I used to have a picture around here somewhere that was of a couple servers in a closet sitting on the floor next to the router and switch. Next to the devices was a water heater with the drain plug pointed directly at them. :drama:
This is my new favorite thread.[emoji1]
Quote from: Nerm on March 11, 2015, 04:28:40 PM
I used to have a picture around here somewhere that was of a couple servers in a closet sitting on the floor next to the router and switch. Next to the devices was a water heater with the drain plug pointed directly at them. :drama:
They didn't call that the fire suppression system?
Quote from: that1guy15 on March 10, 2015, 02:00:11 PM
Damn! Ive never walked up on a network with STP disabled...
My current network has about 3-4 major design issues that I am reverse-engineering and correcting. Each with their own level of head-desk moments. Its landmine after landmine on this guy. I will say though its not the biggest and most glamorous network but the experience gained and learning is off the charts. I will wear the scars of this network proudly for a long time!!
This made me feel like a feral warrior, wearing a necklace made of teeth from networks that I have battled and conquered.
Active Directory.
If I knew what the problem with it was, I wouldn't be posting about it here... Working with AD issues in a large enterprise is like dealing with guerrilla warfare.
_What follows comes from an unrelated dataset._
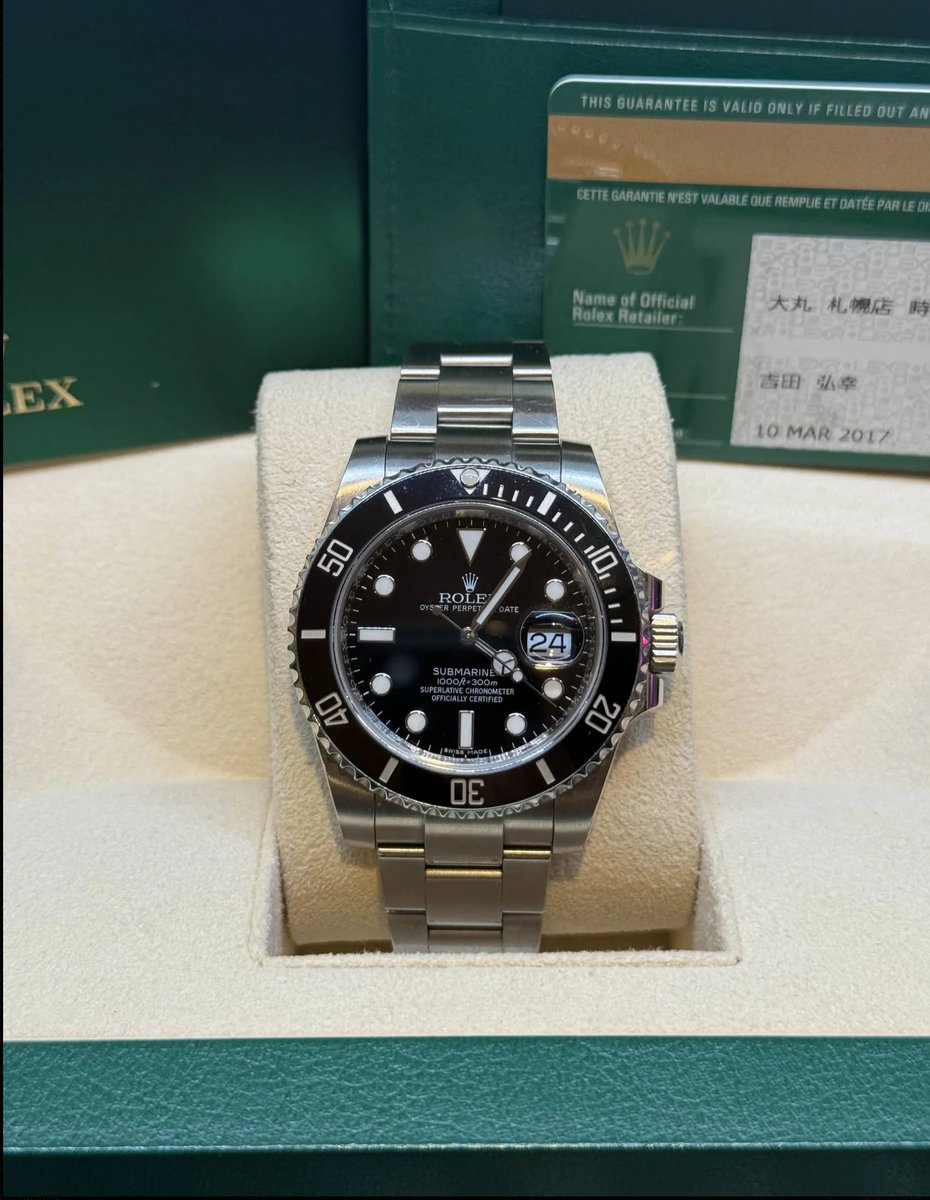 🛥️Rolex Submariner 40mm🛥️

2017 Box &amp; Papers  

$11,000

Wire or Crypto Accepted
Never know when, where, or how the enemy strikes next.
Our network when i took over had 5 different EIGRP ASs redistributed into one another (for no real reason), duplicate subnets in use, and no documentation at all.
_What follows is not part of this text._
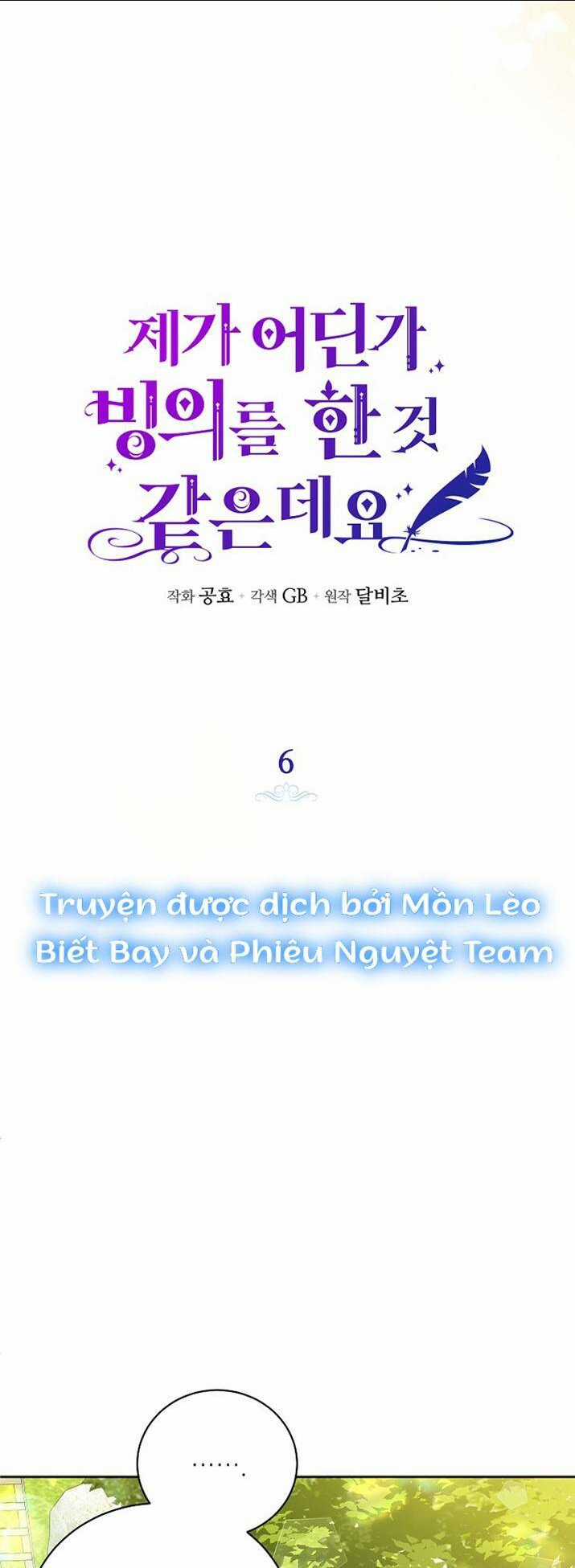 Hình Như Tôi Đã Xuyên Vào Cuốn Tiểu Thuyết Nào Đó Chapter 6 trang 5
6 months, I've been working to get this solution put into place. As of the last meeting, I now go exactly back to where I started and start over again. Not only that, but I will now have meetings with the same people I met with, in the order that I first met with them.
The difference this time is that I've now gotten all of their collective *approvals* to have this next cycle of meetings.
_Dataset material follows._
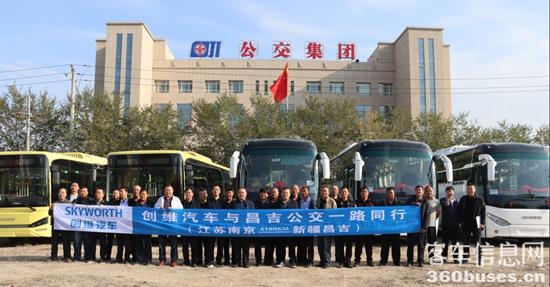 1697424313965705.jpg 2.jpg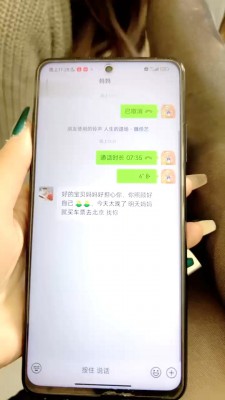1775594314041005.jpg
"The bureaucracy will expand to fill the needs of the bureaucracy." - anonymous
School system with about 600 users and yes that is an RV042 running the ship. Sad part is under the shelf that the RV042 is sitting on you will find a 2801 (not visible in this pic) terminating the ISP circuit and then feeding the RV042. Saddest part is the reason they were using the RV042 is because their previous IT guy couldn't get to the "web gui" of the 2801.
(http://www.benchaddix.com/images/IMAG0008.jpg)
Seems like spanning tree everywhere!
Similar issue, access switch in a factory as root, around 300 users, vlan 1 is the only vlan with 10 secondary IPs on it /23 on every IP. needless to say we had a lot of broadcast traffic! also all HP switches were EOL/EOS about 5 years ago. Had 3 fail in 1 afternoon (luckily for the business a Sunday, unlucky for me! ). No documentation, if a nother switch was needed was just plugged into the closest switch to it. daisy chains everywhere. had no idea what was connected to what or where, needless to say had issues everyday until i gradually started wining the battle. The war is not over yet though!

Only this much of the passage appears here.